3. The Softmax hardware implementation method for a logical resource restricted platform according to claim 1, wherein the logarithmic operation step in step 4) comprises: the base e of the logarithm is replaced by a base of 2, and the logarithm function becomes ln (f) ═ ln2 × log ₂ f, and log of ln2 ₂ f, decomposition: ln (f) ═ ln2 log ₂ f＝ln2*(w+log ₂ k) Where w is the index where the highest bit of the f binary representation is located, k is the remainder variable and k ∈ [1,2 ].

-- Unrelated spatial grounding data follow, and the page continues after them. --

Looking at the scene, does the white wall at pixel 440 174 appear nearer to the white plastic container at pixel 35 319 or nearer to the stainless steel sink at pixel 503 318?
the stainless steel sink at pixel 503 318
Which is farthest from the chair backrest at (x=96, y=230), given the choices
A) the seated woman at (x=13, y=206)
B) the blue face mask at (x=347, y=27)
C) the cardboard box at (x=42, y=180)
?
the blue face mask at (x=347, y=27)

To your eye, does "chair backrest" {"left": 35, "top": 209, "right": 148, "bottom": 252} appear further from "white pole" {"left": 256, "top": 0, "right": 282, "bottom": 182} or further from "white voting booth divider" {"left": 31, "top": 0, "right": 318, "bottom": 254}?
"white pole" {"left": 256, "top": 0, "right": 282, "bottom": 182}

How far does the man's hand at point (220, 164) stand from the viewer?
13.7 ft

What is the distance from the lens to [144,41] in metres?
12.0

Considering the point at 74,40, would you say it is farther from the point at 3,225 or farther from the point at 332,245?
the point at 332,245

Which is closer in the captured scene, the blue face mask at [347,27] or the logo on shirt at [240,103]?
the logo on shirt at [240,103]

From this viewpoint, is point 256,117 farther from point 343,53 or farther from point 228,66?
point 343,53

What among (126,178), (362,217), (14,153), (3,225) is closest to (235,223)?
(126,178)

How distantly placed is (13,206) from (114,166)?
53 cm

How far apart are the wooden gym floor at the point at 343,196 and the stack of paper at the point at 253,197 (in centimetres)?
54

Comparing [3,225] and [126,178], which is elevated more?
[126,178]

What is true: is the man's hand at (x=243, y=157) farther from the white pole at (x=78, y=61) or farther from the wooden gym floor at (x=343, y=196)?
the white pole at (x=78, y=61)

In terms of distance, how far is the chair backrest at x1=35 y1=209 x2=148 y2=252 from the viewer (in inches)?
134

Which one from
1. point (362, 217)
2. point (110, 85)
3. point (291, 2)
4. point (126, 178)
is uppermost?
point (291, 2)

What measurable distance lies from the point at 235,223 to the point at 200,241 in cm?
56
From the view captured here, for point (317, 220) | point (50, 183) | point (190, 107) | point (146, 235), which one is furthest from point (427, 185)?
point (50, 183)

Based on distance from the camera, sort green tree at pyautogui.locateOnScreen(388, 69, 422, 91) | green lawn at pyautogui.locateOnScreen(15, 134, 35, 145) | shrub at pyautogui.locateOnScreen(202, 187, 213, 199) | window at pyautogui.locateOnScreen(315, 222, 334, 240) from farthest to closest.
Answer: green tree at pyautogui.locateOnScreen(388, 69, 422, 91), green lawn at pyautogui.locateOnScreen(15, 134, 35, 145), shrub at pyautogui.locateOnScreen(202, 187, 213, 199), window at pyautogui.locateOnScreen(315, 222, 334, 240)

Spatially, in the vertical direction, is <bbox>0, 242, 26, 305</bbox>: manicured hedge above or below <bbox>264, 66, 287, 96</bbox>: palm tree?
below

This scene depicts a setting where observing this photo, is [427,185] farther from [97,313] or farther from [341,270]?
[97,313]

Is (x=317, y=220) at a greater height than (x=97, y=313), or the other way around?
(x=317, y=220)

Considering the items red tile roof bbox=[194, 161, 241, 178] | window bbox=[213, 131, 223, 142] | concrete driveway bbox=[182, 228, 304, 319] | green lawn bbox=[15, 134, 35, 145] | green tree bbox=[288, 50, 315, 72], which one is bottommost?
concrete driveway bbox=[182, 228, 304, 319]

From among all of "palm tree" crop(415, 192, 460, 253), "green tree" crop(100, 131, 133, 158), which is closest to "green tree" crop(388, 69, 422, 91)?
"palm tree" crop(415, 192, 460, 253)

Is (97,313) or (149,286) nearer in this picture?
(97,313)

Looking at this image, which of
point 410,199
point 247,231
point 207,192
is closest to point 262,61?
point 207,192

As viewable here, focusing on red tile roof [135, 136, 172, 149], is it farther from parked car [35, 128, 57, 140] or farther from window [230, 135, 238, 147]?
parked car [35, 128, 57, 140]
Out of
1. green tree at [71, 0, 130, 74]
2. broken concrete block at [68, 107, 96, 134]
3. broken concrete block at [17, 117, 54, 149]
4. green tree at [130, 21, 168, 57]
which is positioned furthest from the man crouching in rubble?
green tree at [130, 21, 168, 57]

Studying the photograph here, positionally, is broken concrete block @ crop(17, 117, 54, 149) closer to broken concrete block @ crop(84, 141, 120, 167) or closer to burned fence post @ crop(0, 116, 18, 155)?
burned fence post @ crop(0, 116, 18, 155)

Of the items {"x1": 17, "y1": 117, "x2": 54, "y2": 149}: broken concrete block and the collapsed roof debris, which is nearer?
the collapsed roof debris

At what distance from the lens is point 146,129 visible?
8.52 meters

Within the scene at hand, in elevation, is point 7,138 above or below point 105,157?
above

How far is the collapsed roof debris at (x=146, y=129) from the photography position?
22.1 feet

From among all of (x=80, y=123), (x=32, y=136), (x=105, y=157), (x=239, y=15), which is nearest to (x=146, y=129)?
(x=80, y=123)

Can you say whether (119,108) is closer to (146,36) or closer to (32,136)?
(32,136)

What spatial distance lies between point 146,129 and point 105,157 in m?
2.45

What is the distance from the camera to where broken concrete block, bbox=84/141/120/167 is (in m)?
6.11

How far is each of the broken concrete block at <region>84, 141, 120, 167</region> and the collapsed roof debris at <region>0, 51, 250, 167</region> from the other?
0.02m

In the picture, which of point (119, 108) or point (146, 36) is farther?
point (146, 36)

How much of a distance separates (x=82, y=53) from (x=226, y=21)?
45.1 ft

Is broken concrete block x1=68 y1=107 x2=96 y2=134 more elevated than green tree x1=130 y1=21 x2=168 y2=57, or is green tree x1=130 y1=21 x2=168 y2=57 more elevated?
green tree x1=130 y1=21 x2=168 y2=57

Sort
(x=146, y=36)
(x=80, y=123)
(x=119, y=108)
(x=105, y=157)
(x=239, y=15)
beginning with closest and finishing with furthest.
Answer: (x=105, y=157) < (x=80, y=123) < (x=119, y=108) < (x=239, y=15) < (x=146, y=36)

4. A Softmax hardware implementation system of a logical resource restricted platform based on any of the methods in claims 1-3, characterized by comprising the following units:

an exponent operation unit: realizing exponential operation through radix number transformation and linear fitting;

a serial accumulation unit: summing the plurality of input exponentiations to the power of the power;

a logarithmic operation unit: and logarithmic operation is realized through base number transformation and linear fitting.

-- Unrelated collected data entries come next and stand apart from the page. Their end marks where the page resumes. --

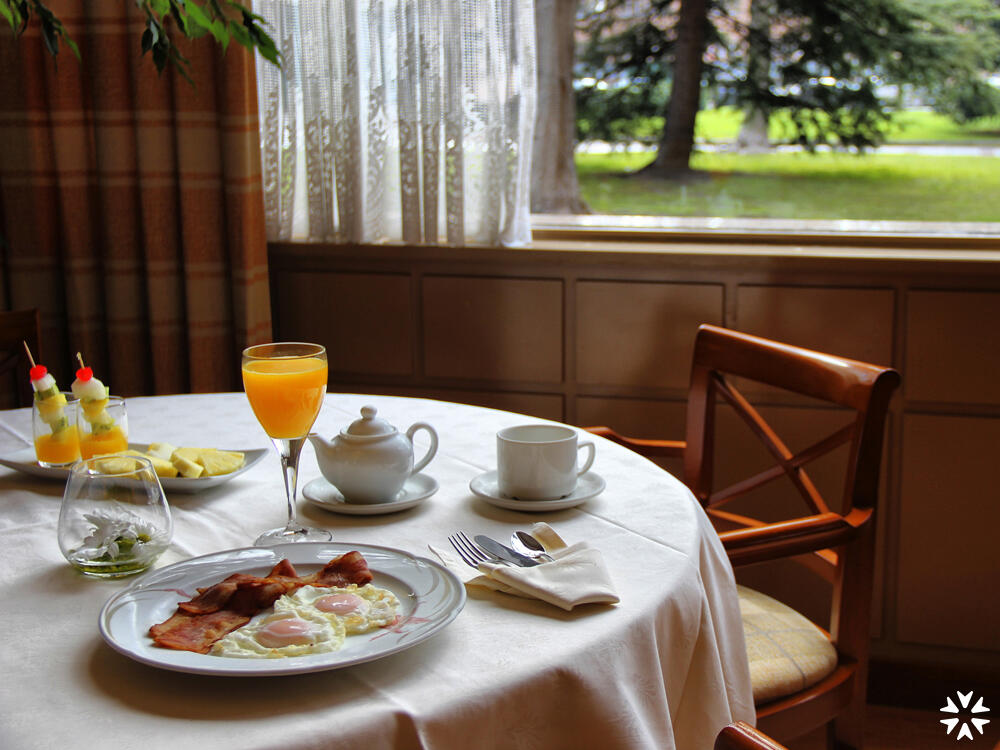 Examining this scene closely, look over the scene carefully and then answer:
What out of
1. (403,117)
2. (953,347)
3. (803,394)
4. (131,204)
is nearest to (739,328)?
(953,347)

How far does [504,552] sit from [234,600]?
261mm

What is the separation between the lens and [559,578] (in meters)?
0.91

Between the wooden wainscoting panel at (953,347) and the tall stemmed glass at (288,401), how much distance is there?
1.51m

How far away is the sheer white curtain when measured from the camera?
7.63ft

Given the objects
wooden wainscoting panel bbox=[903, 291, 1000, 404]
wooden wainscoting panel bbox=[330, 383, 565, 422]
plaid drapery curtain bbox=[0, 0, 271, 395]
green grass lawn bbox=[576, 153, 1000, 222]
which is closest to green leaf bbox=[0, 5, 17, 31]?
plaid drapery curtain bbox=[0, 0, 271, 395]

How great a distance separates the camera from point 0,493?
121 centimetres

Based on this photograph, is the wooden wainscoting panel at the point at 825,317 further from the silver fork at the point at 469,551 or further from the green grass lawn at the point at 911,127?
the silver fork at the point at 469,551

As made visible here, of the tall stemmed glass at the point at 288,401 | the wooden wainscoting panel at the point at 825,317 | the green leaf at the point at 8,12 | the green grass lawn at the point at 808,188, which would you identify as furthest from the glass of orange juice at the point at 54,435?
the green grass lawn at the point at 808,188

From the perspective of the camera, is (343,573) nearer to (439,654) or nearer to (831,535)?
(439,654)

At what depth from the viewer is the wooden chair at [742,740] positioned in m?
0.77

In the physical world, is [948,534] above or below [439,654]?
below

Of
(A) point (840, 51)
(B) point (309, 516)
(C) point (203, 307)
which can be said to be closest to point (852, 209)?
(A) point (840, 51)

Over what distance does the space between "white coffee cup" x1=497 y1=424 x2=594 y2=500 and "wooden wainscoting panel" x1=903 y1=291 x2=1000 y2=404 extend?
4.27ft

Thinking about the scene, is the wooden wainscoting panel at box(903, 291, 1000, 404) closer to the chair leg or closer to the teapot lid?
the chair leg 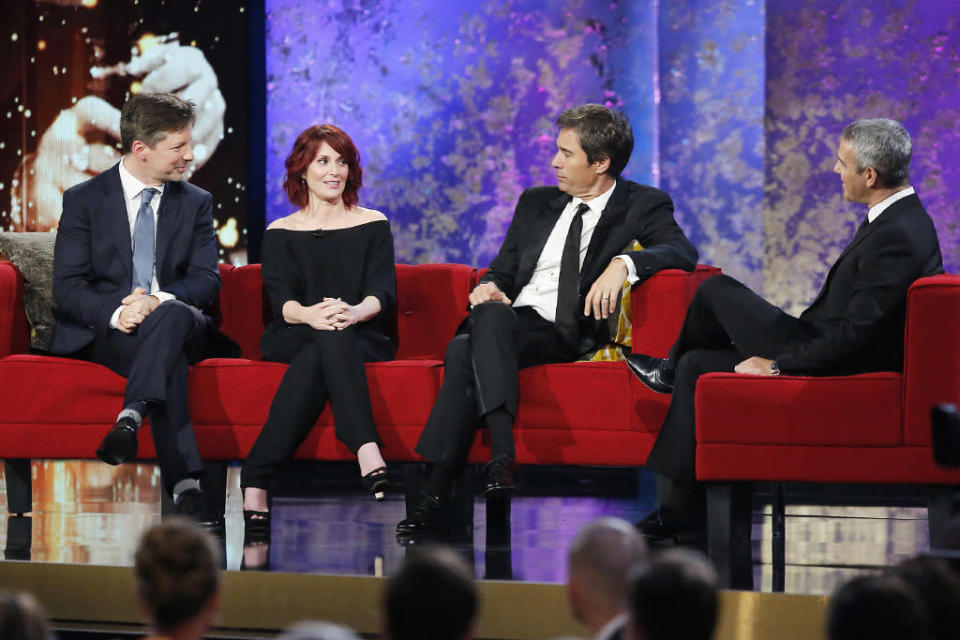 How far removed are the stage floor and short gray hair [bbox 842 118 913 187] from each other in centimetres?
104

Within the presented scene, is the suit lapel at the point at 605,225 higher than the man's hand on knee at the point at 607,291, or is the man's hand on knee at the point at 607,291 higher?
the suit lapel at the point at 605,225

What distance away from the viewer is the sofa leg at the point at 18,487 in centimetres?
391

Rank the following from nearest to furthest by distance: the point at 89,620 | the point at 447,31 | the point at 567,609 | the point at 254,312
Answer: the point at 567,609
the point at 89,620
the point at 254,312
the point at 447,31

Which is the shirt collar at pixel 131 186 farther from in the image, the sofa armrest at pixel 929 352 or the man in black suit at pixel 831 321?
the sofa armrest at pixel 929 352

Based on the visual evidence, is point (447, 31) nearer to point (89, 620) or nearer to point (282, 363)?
point (282, 363)

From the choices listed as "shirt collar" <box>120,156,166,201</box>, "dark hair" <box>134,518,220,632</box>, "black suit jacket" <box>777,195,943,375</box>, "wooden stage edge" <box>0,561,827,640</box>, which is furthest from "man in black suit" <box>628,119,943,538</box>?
"dark hair" <box>134,518,220,632</box>

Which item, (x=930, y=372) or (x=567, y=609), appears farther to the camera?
(x=930, y=372)

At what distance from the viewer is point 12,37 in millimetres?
5711

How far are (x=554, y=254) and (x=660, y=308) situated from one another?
1.49 feet

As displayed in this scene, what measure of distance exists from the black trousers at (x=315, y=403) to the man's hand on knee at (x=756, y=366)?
3.47ft

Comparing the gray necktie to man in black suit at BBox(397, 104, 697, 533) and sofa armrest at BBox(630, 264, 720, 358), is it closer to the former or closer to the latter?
man in black suit at BBox(397, 104, 697, 533)

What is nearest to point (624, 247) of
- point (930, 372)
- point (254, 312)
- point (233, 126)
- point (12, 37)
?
point (930, 372)

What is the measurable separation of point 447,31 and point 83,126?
1.71 m

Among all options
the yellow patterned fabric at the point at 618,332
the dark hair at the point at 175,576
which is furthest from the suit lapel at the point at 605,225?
the dark hair at the point at 175,576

5. The Softmax hardware implementation system of a logic resource constrained platform of claim 4, wherein the exponent operation unit comprises two adders, a constant multiplier and a shifter, wherein the shifter supports left and right shifting; the first adder calculates x _i -0 or x _i -f _ ln; constant multiplier calculation (x) _i -f_ln).log ₂ e or x _i .log ₂ e; intercepting the integer part of the absolute value to obtain u; the second adder implements the fitting function: 2 ^v ≈v+b ₁ Wherein b is ₁ Is a constant; finally pass through 2 ^v A shift u to the left or right results in a calculation.

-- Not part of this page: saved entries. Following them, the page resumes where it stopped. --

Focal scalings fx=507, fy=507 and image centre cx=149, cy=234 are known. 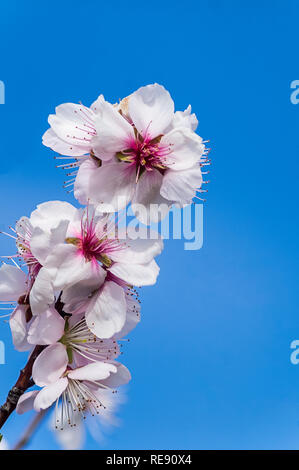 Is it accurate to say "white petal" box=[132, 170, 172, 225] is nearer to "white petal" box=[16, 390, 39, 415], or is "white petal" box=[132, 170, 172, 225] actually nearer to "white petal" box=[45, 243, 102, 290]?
"white petal" box=[45, 243, 102, 290]

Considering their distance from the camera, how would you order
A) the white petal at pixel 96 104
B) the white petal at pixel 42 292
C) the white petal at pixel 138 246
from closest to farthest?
the white petal at pixel 42 292
the white petal at pixel 138 246
the white petal at pixel 96 104

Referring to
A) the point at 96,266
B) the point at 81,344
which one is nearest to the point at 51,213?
the point at 96,266

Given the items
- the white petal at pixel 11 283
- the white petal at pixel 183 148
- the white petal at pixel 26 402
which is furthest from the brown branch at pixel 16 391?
the white petal at pixel 183 148

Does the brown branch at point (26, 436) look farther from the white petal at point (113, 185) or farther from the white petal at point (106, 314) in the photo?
the white petal at point (113, 185)

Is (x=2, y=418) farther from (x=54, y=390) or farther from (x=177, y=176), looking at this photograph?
(x=177, y=176)

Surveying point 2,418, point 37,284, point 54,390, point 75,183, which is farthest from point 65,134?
point 2,418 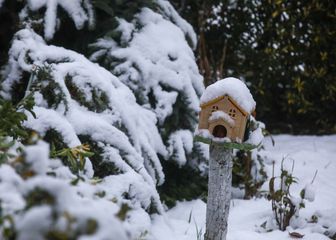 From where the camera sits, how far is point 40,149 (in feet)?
2.78

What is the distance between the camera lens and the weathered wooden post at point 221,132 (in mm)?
2178

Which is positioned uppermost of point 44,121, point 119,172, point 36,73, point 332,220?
point 36,73

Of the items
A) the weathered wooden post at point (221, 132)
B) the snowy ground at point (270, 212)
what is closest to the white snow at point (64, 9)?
the weathered wooden post at point (221, 132)

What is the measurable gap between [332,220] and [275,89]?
7.75 feet

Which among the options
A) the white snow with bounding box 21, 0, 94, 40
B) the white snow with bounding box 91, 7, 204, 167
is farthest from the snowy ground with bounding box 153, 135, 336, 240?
the white snow with bounding box 21, 0, 94, 40

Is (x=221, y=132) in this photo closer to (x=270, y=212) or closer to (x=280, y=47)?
(x=270, y=212)

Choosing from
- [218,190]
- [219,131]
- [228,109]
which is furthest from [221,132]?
[218,190]

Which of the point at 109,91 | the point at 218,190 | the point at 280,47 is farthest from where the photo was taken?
the point at 280,47

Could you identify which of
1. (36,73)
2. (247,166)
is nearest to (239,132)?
(36,73)

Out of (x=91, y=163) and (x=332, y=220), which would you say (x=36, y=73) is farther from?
(x=332, y=220)

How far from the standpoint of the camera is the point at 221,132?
7.23 feet

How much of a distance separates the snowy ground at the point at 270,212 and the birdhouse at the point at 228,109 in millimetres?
606

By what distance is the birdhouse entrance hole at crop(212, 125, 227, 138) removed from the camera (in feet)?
7.22

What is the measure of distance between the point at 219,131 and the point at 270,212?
1.13 meters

6. The system for Softmax hardware implementation of a logic resource restricted platform according to claim 4, wherein said logarithmic calculation unit comprises a lead 1 detector, a decoder and a shifter and a constant adder, wherein the shifter supports only left shifting; it is used for calculating ln (f), and uses the leading 1 detector to obtain the intermediate value t whose only highest bit is 1 and other bits are 0; inputting t by a decoder to obtain an index w where the f highest bit is; and the right shifter shifts f to the right by w to obtain k, and a constant adder is utilized to realize a fitting function: log (log) ₂ k≈k+b ₂ Wherein b is ₂ Is a constant; and finally, calculating the result of the logarithm operation unit by using a constant multiplier and an adder: ln (f) ═ ln2 (w + k + b) ₂ )。

7. The Softmax hardware implementation system of a logic resource constrained platform of claim 4, wherein the serial accumulation unit is operable to accept an accumulation of any n inputs, the accumulation enable being controlled by a counter, the accumulation being stopped when the counter value equals n.